**Required work:** Set down only the lines from the one containing "5th image of 2142 N Kilbourn Ave #1" through the final line of the entries below, exactly as they stand, with no pictures.

Data entries:
################

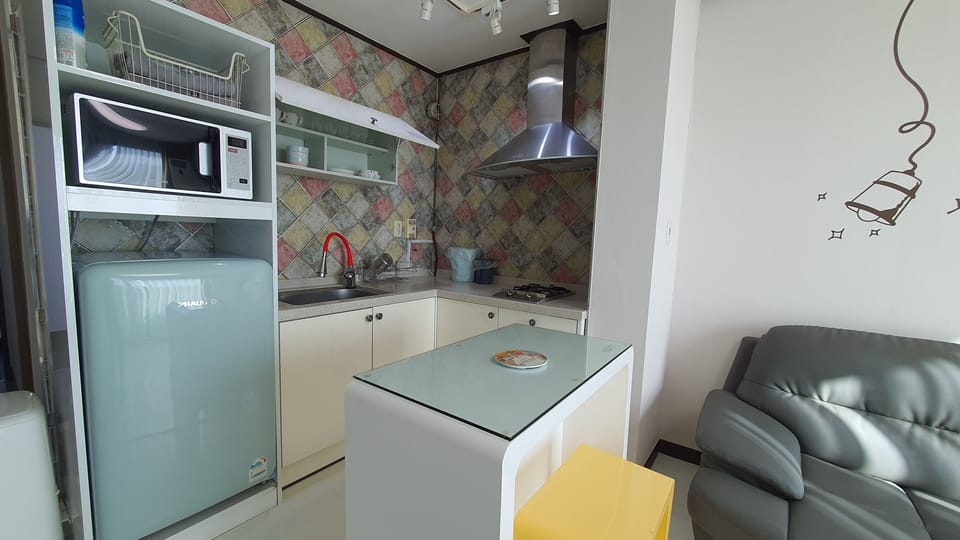 Comfort Room, Kitchen, Ocean View (SPA, 15 PY, Pets are allowed) | Private kitchen | Fridge, microwave, stovetop, coffee/tea maker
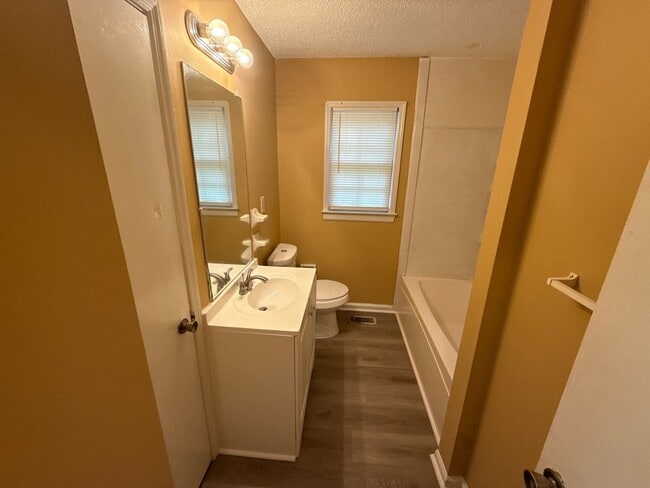 Building Photo - 109 Fairhaven Ct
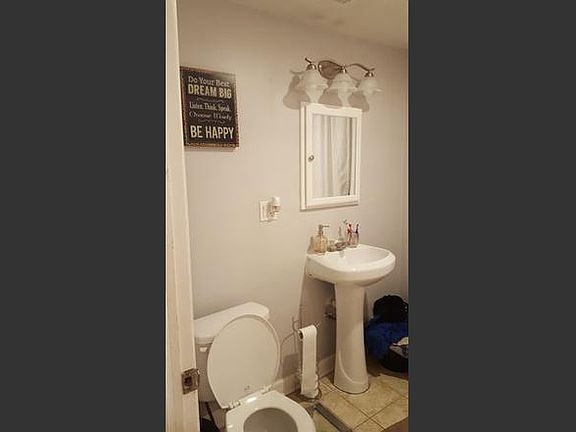 5th image of 2142 N Kilbourn Ave #1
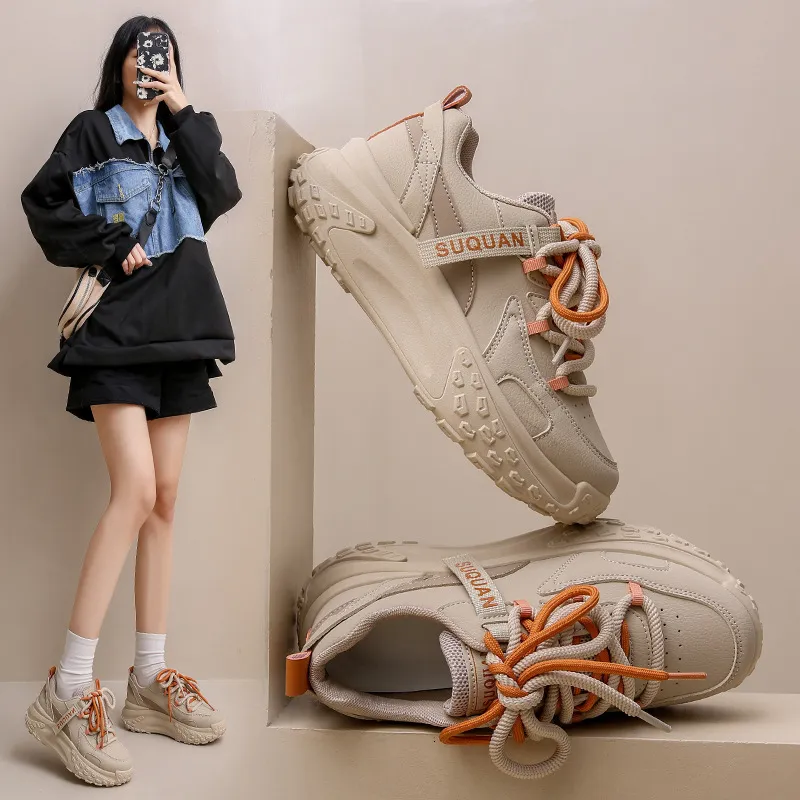 Versátil Pad Dad Mujer Ins, Versión coreana, nueva altura de verano de 2024 Aumentos deportivos que aumentan los zapatos de muje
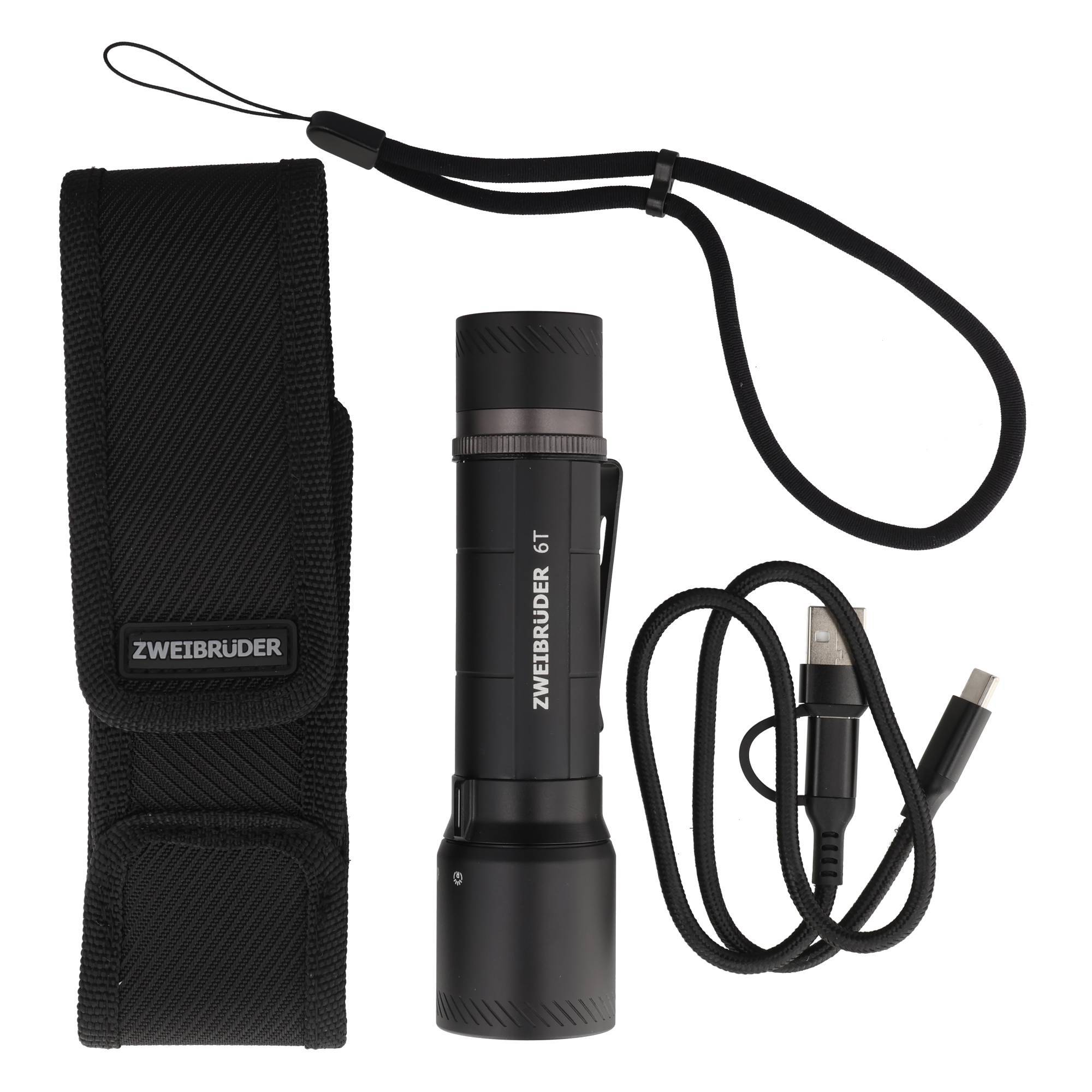 Schwarzes wiederaufladbares Taschenlampen-Set mit Tragetasche, Handschlaufe und USB-Ladekabel mit der Bezeichnung ZWEIBRÜDER 1T.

################

**Answer space:**
 5th image of 2142 N Kilbourn Ave #1
 Versátil Pad Dad Mujer Ins, Versión coreana, nueva altura de verano de 2024 Aumentos deportivos que aumentan los zapatos de muje
 Schwarzes wiederaufladbares Taschenlampen-Set mit Tragetasche, Handschlaufe und USB-Ladekabel mit der Bezeichnung ZWEIBRÜDER 1T.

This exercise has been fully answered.